**TASK DETAILS:**
Transcribe all of the data verbatim, please, and leave out its pictures.
───── DATASET CONTENT
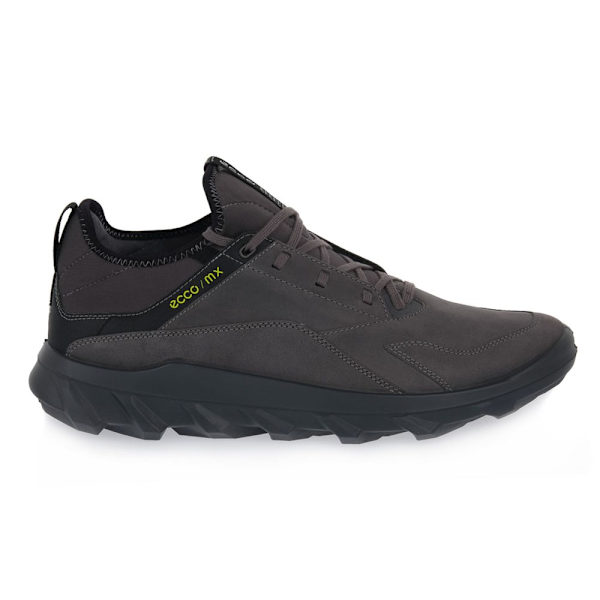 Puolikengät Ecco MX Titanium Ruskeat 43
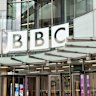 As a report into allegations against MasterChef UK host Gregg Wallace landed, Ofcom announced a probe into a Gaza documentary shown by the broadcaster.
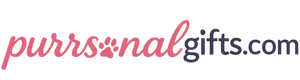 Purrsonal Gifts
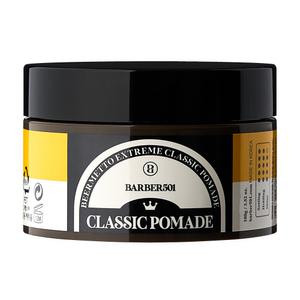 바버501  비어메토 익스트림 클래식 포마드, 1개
──────────
**RESPONSE TO THIS EXERCISE:**
 Puolikengät Ecco MX Titanium Ruskeat 43
 As a report into allegations against MasterChef UK host Gregg Wallace landed, Ofcom announced a probe into a Gaza documentary shown by the broadcaster.
 Purrsonal Gifts
 바버501  비어메토 익스트림 클래식 포마드, 1개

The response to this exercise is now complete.